Melanie Manchot: Tracer
Great North Run Culture at Baltic 39
14 September - 4 October 2013
Review by Michael Mulvihill
The Great North Run is a half marathon that has been run for over 30 years from Newcastle to South Shields on the North Sea coast. It’s a grand event, drawing people in their thousands to cheer and support the 70,000 or more runners in various states of fitness, who pound their way along the 13.5 mile course. To celebrate the race’s 25th anniversary in 2005, Great North Run Culture was established with the aim of building connections between the arts and sports by commissioning artists such as Douglas Gordon and Mark Wallinger to respond to the event.
Melanie Manchot’s ‘Tracer’ (2013) is one of the latest commissions, and is installed in the form of three video displays. The work depicts a number of traceurs (parkour or free runners), as they seek an acrobatic route through the deserted urban landscape along the course of the Great North Run. Manchot celebrates the youth of the traceurs who, by their spectacular gymnastics and daring, take ownership of urban and municipal spaces. The image of traceur Andrew Vasey performing a handstand on Norman Foster’s Sage building in Gateshead has captured headlines, and for me the video projection of a free-runner finding a daredevil path over the rotating Newcastle Swing Bridge is no less of an arresting example of the traceur‘s grace and timing. However as the audience of this work, and others in the Great North Run Culture programme, the sense of desolation and remoteness in the films seems contradictory to my own experience of the run itself.

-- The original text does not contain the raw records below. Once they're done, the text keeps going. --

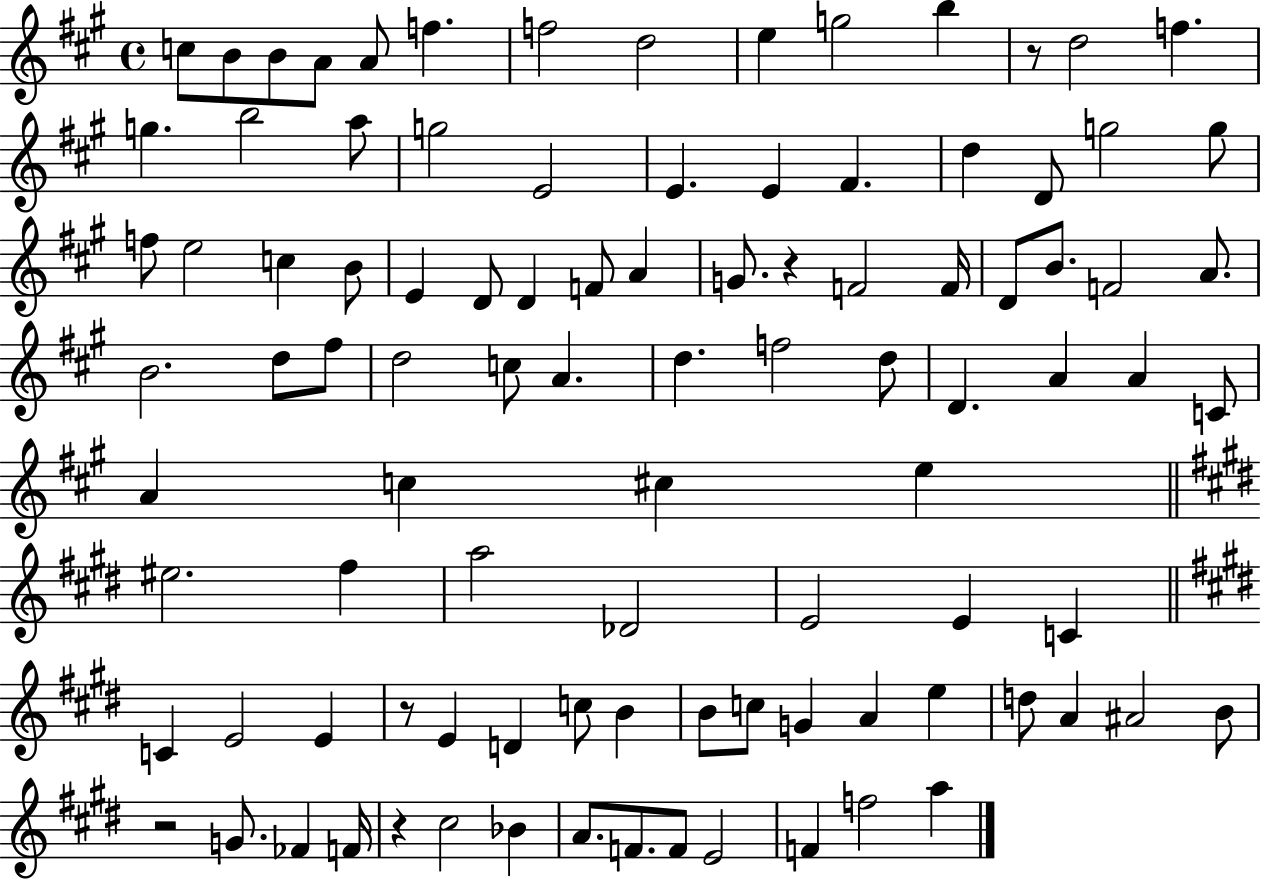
C5/e B4/e B4/e A4/e A4/e F5/q. F5/h D5/h E5/q G5/h B5/q R/e D5/h F5/q. G5/q. B5/h A5/e G5/h E4/h E4/q. E4/q F#4/q. D5/q D4/e G5/h G5/e F5/e E5/h C5/q B4/e E4/q D4/e D4/q F4/e A4/q G4/e. R/q F4/h F4/s D4/e B4/e. F4/h A4/e. B4/h. D5/e F#5/e D5/h C5/e A4/q. D5/q. F5/h D5/e D4/q. A4/q A4/q C4/e A4/q C5/q C#5/q E5/q EIS5/h. F#5/q A5/h Db4/h E4/h E4/q C4/q C4/q E4/h E4/q R/e E4/q D4/q C5/e B4/q B4/e C5/e G4/q A4/q E5/q D5/e A4/q A#4/h B4/e R/h G4/e. FES4/q F4/s R/q C#5/h Bb4/q A4/e. F4/e. F4/e E4/h F4/q F5/h A5/q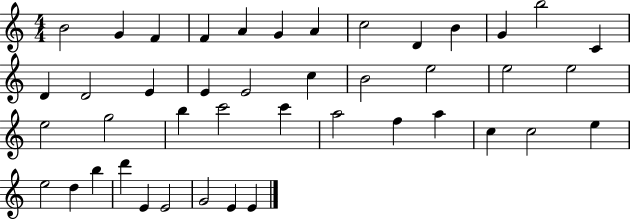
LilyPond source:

{
  \clef treble
  \numericTimeSignature
  \time 4/4
  \key c \major
  b'2 g'4 f'4 | f'4 a'4 g'4 a'4 | c''2 d'4 b'4 | g'4 b''2 c'4 | \break d'4 d'2 e'4 | e'4 e'2 c''4 | b'2 e''2 | e''2 e''2 | \break e''2 g''2 | b''4 c'''2 c'''4 | a''2 f''4 a''4 | c''4 c''2 e''4 | \break e''2 d''4 b''4 | d'''4 e'4 e'2 | g'2 e'4 e'4 | \bar "|."
}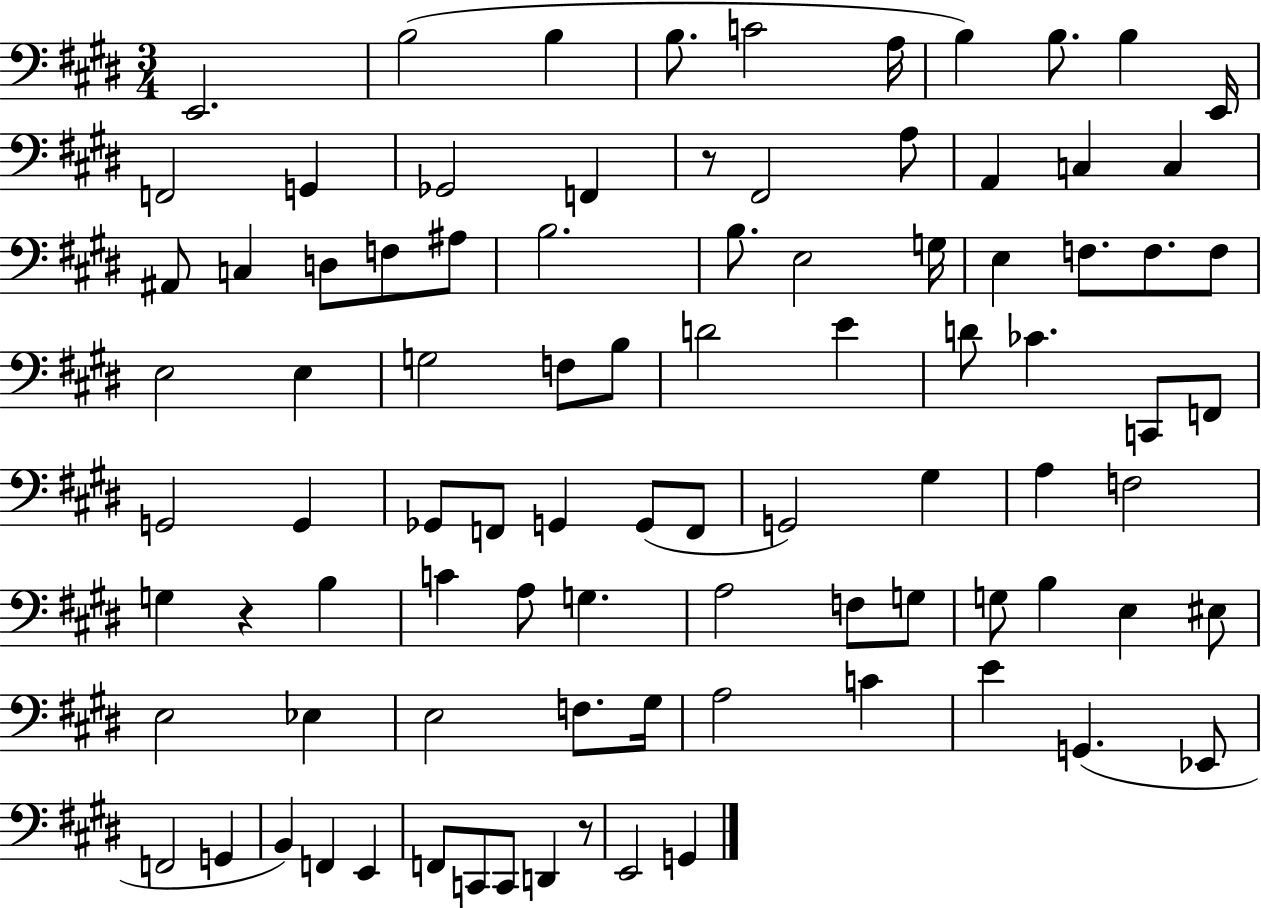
E2/h. B3/h B3/q B3/e. C4/h A3/s B3/q B3/e. B3/q E2/s F2/h G2/q Gb2/h F2/q R/e F#2/h A3/e A2/q C3/q C3/q A#2/e C3/q D3/e F3/e A#3/e B3/h. B3/e. E3/h G3/s E3/q F3/e. F3/e. F3/e E3/h E3/q G3/h F3/e B3/e D4/h E4/q D4/e CES4/q. C2/e F2/e G2/h G2/q Gb2/e F2/e G2/q G2/e F2/e G2/h G#3/q A3/q F3/h G3/q R/q B3/q C4/q A3/e G3/q. A3/h F3/e G3/e G3/e B3/q E3/q EIS3/e E3/h Eb3/q E3/h F3/e. G#3/s A3/h C4/q E4/q G2/q. Eb2/e F2/h G2/q B2/q F2/q E2/q F2/e C2/e C2/e D2/q R/e E2/h G2/q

I have run the race several times, and it always impresses upon me the uncanny experience of being one of a moving mass of human beings, physically forcing themselves towards the finish. There are moments where the run is literally like a battlefield, with the sick and injured being treated in emergency cardiac units three miles before the finish line, while the Red Arrows roar victory overhead. This visceral sense of thronging human movement, which also includes running through vomit and witnessing lots of public urination, contrasts with the politeness and remoteness of many of the pieces in the Great North Run Culture programme. The artists intervene in the comfort zones of architecture or landscape, removed in time and space from the blood, sweat and tears - the human phenomenon - of the race.